Given data:
+===+
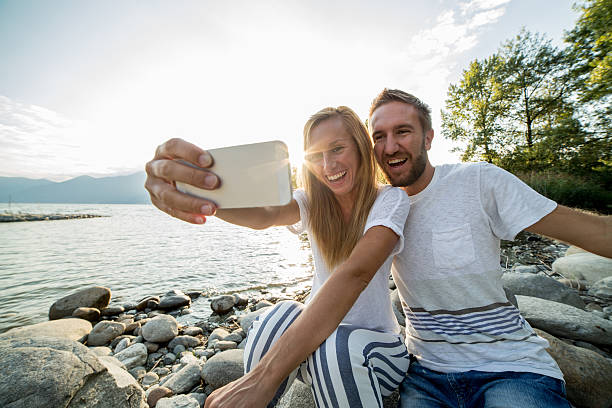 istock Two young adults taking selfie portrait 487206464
+===+
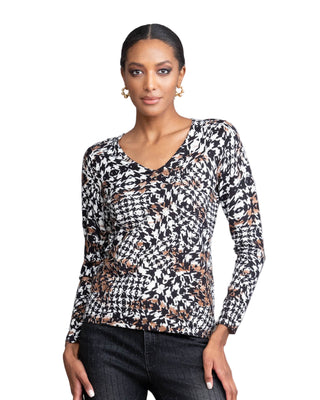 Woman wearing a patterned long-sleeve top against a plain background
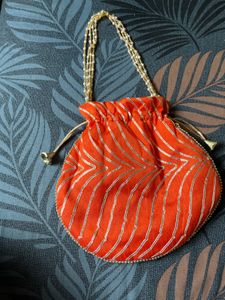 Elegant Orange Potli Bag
+===+
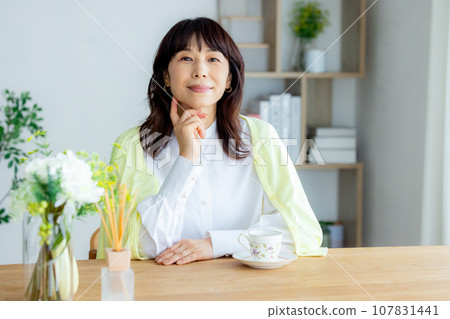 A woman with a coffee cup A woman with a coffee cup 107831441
+===+
Task instructions: Take the material above and output only the lines from the one that contains "Woman wearing a" through the one that contains "Elegant Orange Potli Bag", ends included and images left out.

Exercise result:
 Woman wearing a patterned long-sleeve top against a plain background
 Elegant Orange Potli Bag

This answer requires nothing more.